[Data under study]:

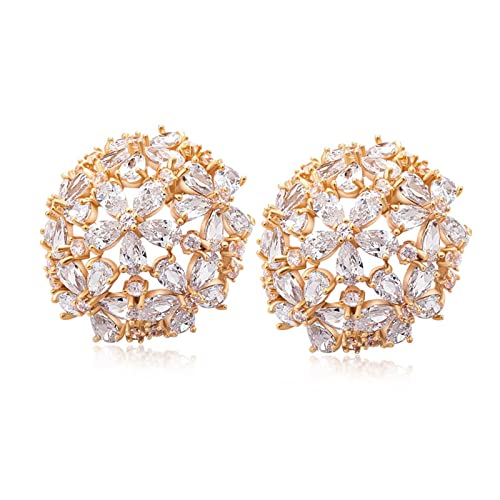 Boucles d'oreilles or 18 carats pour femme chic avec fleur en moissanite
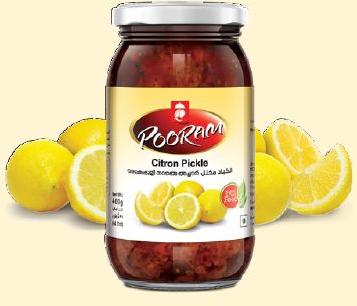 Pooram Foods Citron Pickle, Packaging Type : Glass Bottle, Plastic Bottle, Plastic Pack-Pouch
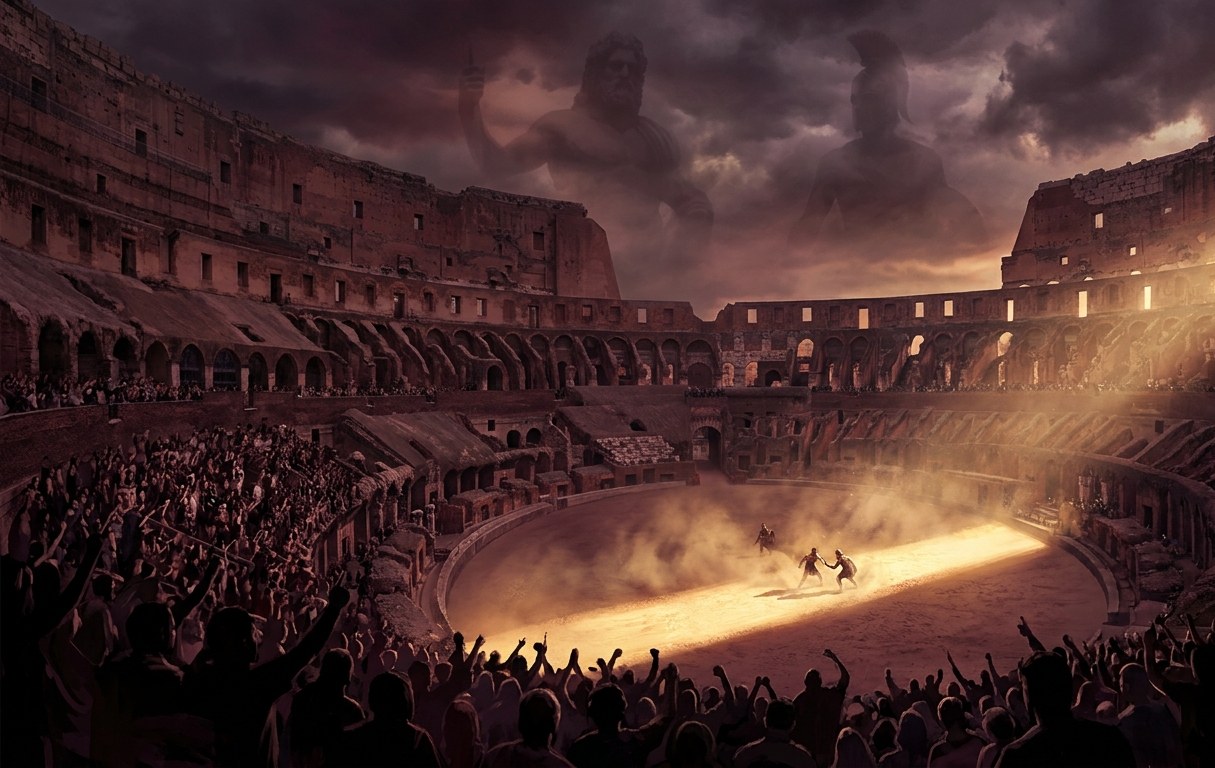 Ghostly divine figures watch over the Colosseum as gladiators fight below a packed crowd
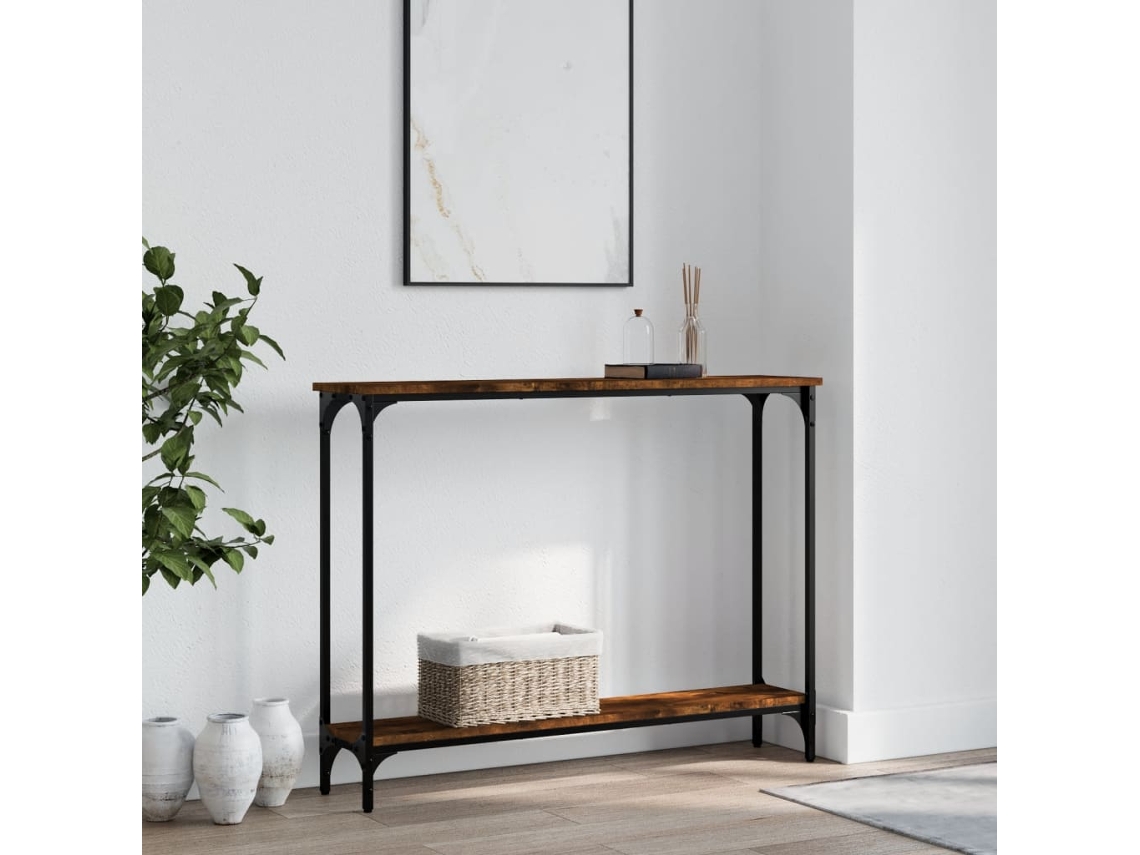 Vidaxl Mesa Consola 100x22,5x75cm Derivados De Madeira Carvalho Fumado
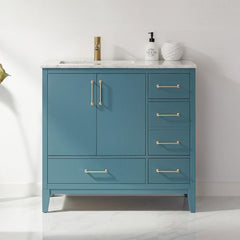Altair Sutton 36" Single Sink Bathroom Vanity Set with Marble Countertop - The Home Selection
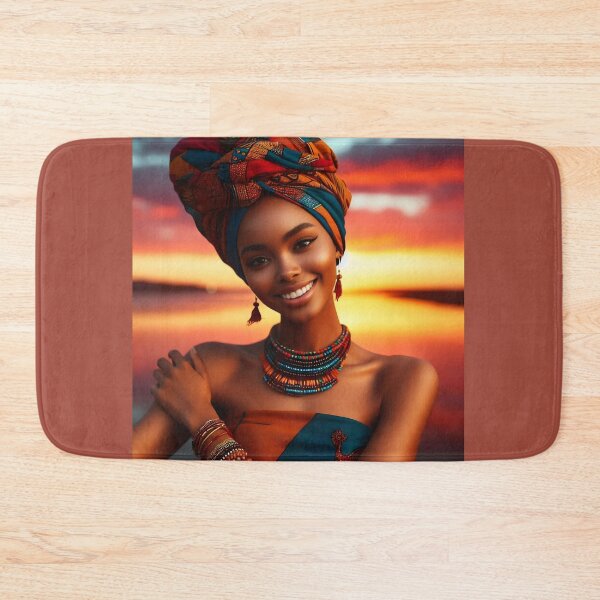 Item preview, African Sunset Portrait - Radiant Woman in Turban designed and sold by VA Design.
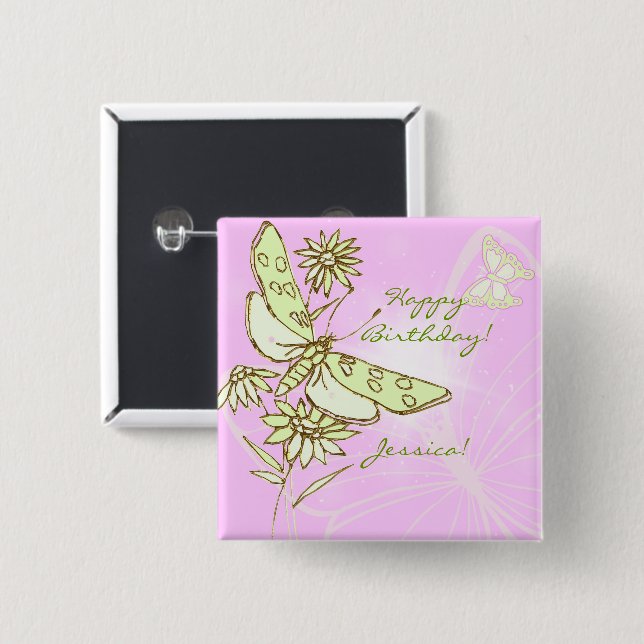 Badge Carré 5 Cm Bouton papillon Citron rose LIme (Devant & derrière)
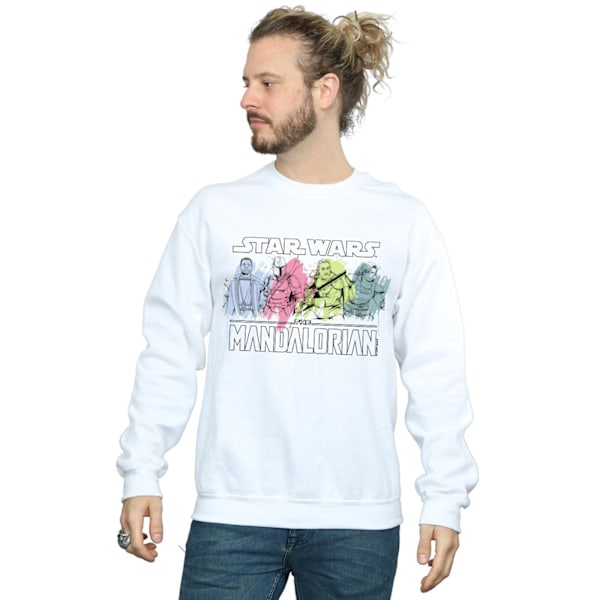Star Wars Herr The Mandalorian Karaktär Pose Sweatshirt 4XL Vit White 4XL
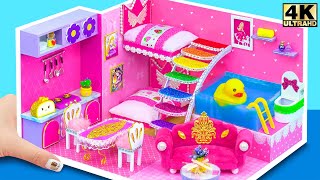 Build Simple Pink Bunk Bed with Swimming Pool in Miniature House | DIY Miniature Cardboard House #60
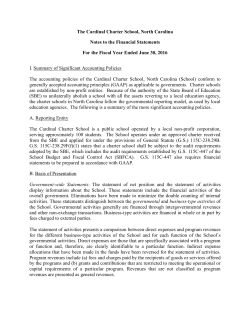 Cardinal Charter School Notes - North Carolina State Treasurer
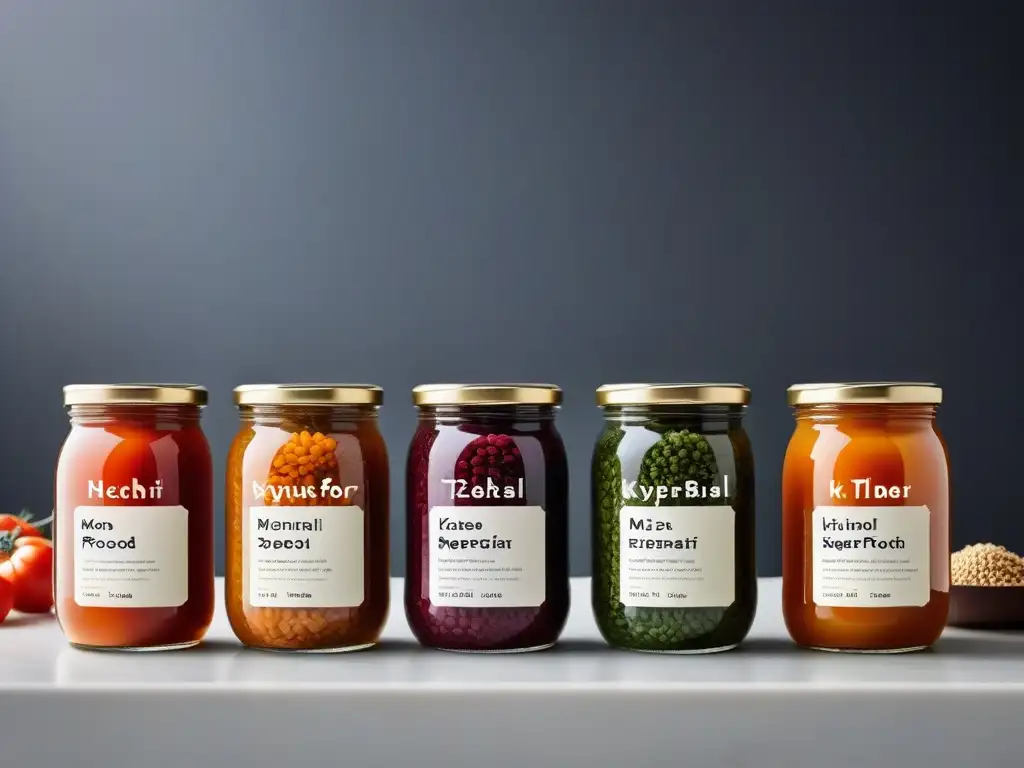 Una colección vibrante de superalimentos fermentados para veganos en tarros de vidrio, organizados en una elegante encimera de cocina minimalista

[What you are asked to do]:
Word for word, restate the lines from the one containing "Badge Carré 5" through the end of the entries. Do not include pictures.

[Exercise result]:
 Badge Carré 5 Cm Bouton papillon Citron rose LIme (Devant & derrière)
Star Wars Herr The Mandalorian Karaktär Pose Sweatshirt 4XL Vit White 4XL
 Build Simple Pink Bunk Bed with Swimming Pool in Miniature House | DIY Miniature Cardboard House #60
 Cardinal Charter School Notes - North Carolina State Treasurer
 Una colección vibrante de superalimentos fermentados para veganos en tarros de vidrio, organizados en una elegante encimera de cocina minimalista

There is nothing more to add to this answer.